§ Instructions to follow
In the records below, find the line containing "2026 Honda Ridgeline" and the line containing "Kiếp Này Cũng". Give again exactly those lines and every line between them, omitting the pictures.

§ Scraped caption text data
↓
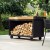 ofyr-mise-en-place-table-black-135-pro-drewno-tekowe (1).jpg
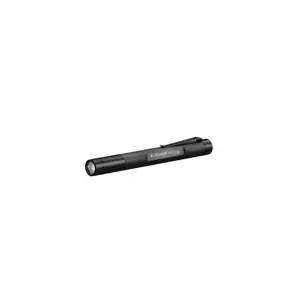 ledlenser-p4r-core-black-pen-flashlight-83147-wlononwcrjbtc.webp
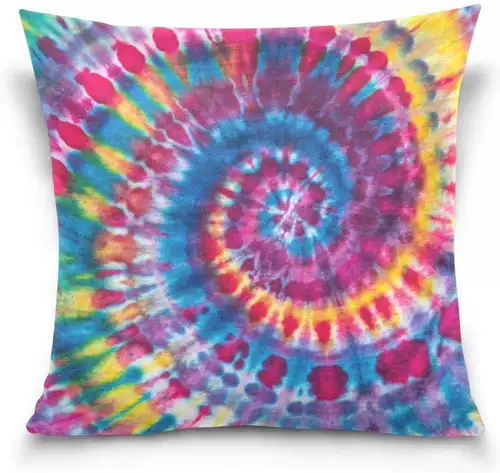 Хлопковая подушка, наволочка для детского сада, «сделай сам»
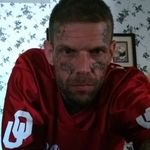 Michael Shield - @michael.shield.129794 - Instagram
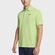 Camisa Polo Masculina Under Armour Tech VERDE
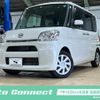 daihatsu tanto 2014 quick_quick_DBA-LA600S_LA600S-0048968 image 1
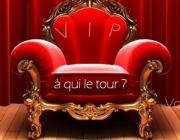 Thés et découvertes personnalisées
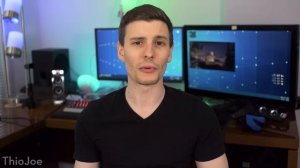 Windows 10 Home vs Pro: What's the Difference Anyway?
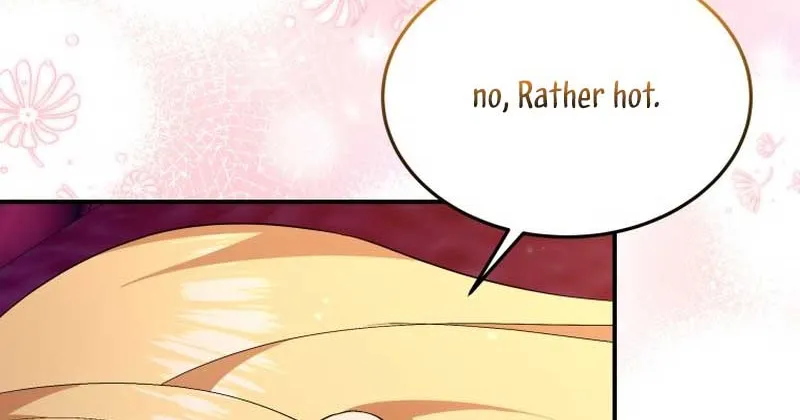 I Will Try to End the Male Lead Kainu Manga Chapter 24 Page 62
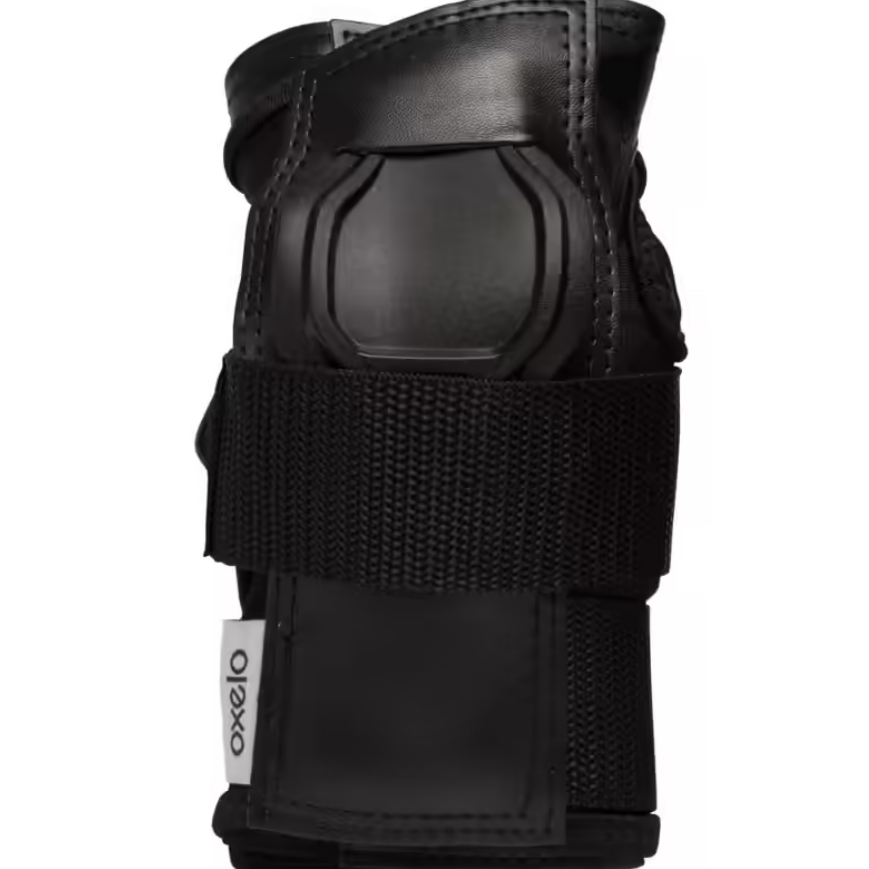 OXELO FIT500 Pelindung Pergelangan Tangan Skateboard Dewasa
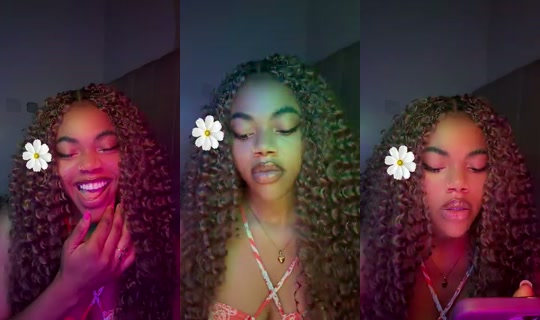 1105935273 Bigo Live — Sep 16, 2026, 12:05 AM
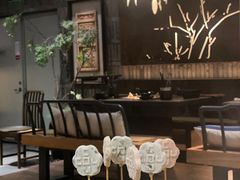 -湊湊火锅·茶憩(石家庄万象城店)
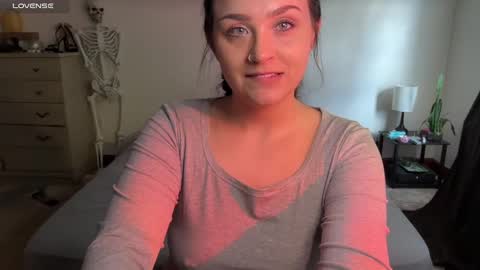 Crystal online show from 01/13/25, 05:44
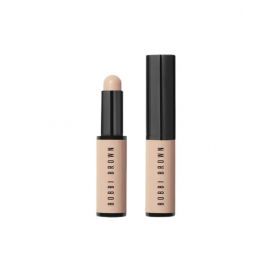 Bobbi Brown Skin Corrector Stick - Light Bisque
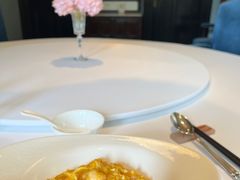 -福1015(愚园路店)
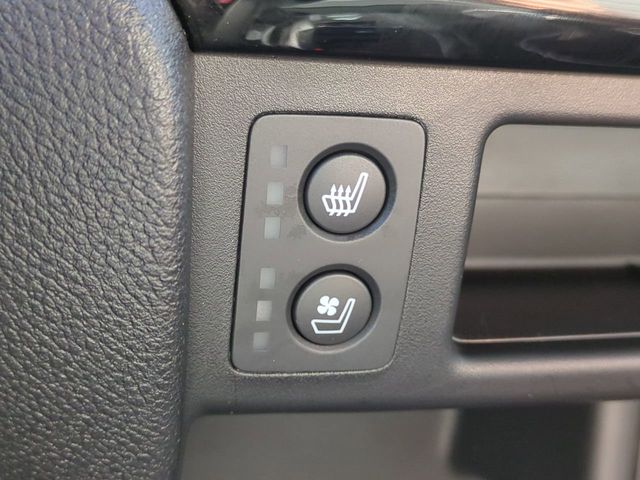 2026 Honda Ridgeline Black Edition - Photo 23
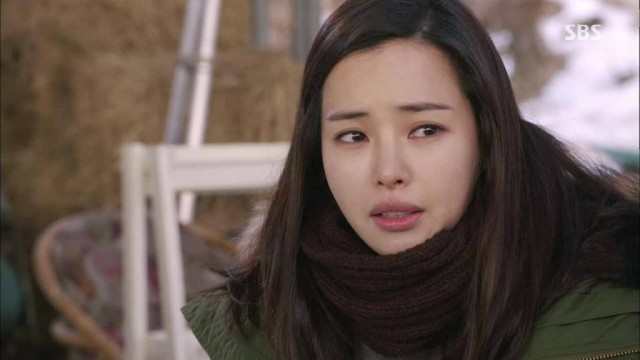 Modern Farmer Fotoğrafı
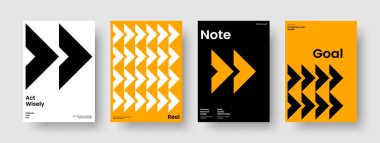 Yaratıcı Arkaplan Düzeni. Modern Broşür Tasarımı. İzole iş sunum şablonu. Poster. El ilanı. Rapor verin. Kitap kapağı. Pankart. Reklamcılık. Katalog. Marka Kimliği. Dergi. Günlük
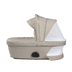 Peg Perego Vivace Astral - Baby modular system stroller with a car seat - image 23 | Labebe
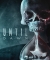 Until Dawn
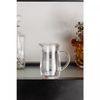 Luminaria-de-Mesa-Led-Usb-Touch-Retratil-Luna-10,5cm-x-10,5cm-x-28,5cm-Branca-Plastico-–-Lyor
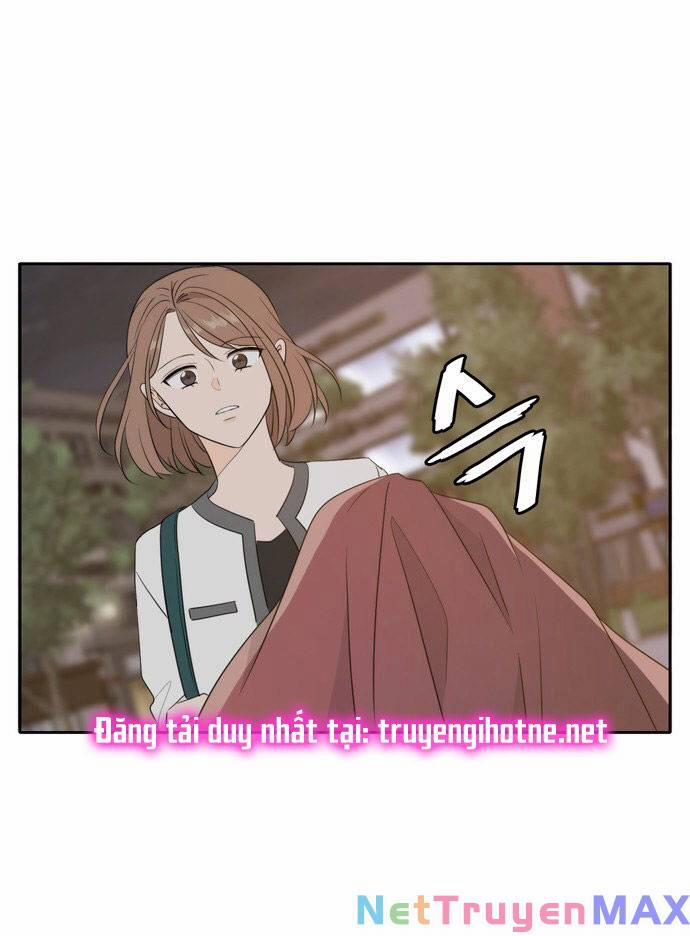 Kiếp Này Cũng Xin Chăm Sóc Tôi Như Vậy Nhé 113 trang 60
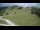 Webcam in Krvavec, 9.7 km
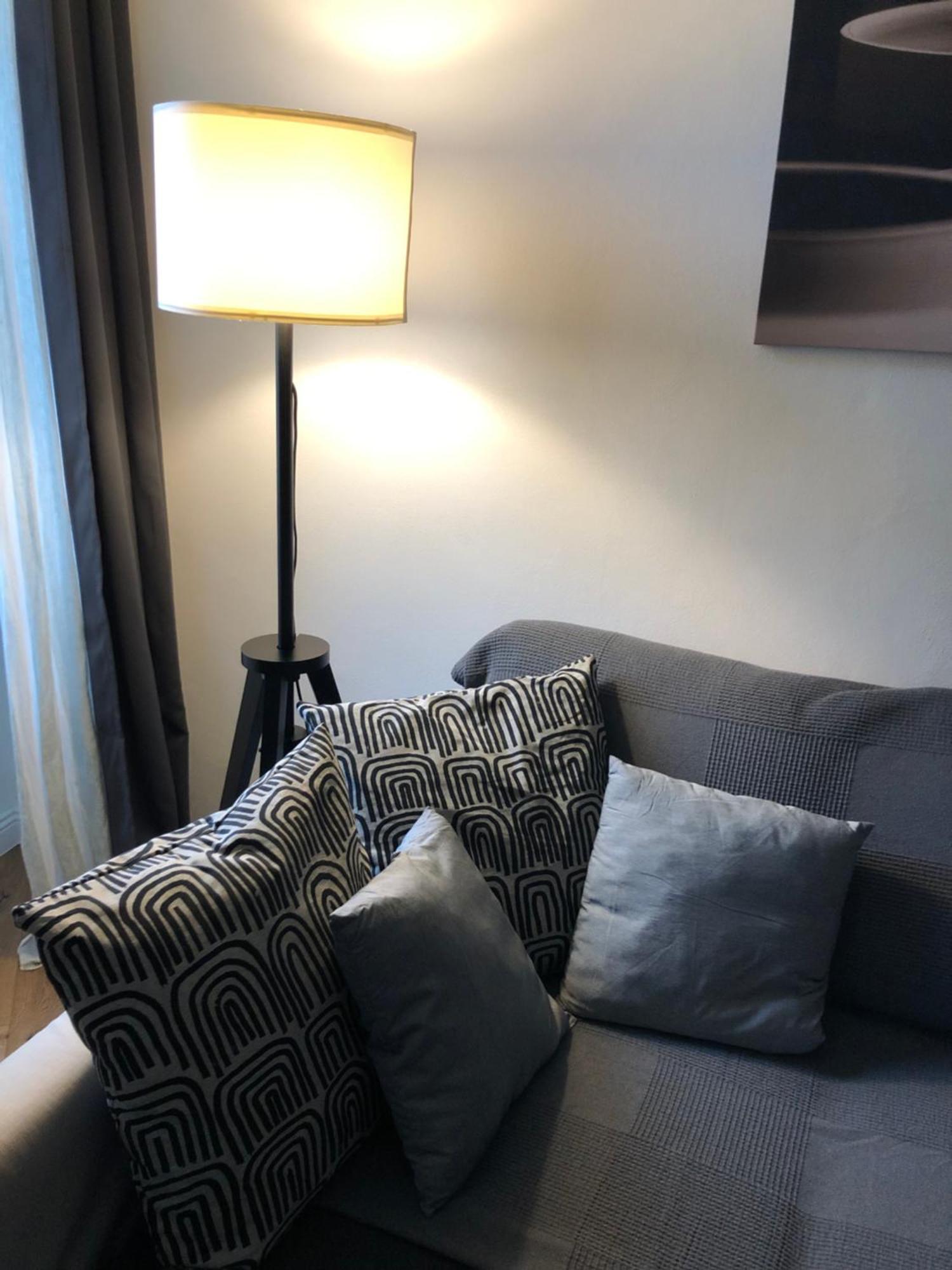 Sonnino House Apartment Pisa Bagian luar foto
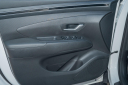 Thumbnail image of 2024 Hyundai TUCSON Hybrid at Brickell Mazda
↑
§ Response area
 2026 Honda Ridgeline Black Edition - Photo 23
 Modern Farmer Fotoğrafı
 Yaratıcı Arkaplan Düzeni. Modern Broşür Tasarımı. İzole iş sunum şablonu. Poster. El ilanı. Rapor verin. Kitap kapağı. Pankart. Reklamcılık. Katalog. Marka Kimliği. Dergi. Günlük
 Peg Perego Vivace Astral - Baby modular system stroller with a car seat - image 23 | Labebe
 Until Dawn
 Luminaria-de-Mesa-Led-Usb-Touch-Retratil-Luna-10,5cm-x-10,5cm-x-28,5cm-Branca-Plastico-–-Lyor
 Kiếp Này Cũng Xin Chăm Sóc Tôi Như Vậy Nhé 113 trang 60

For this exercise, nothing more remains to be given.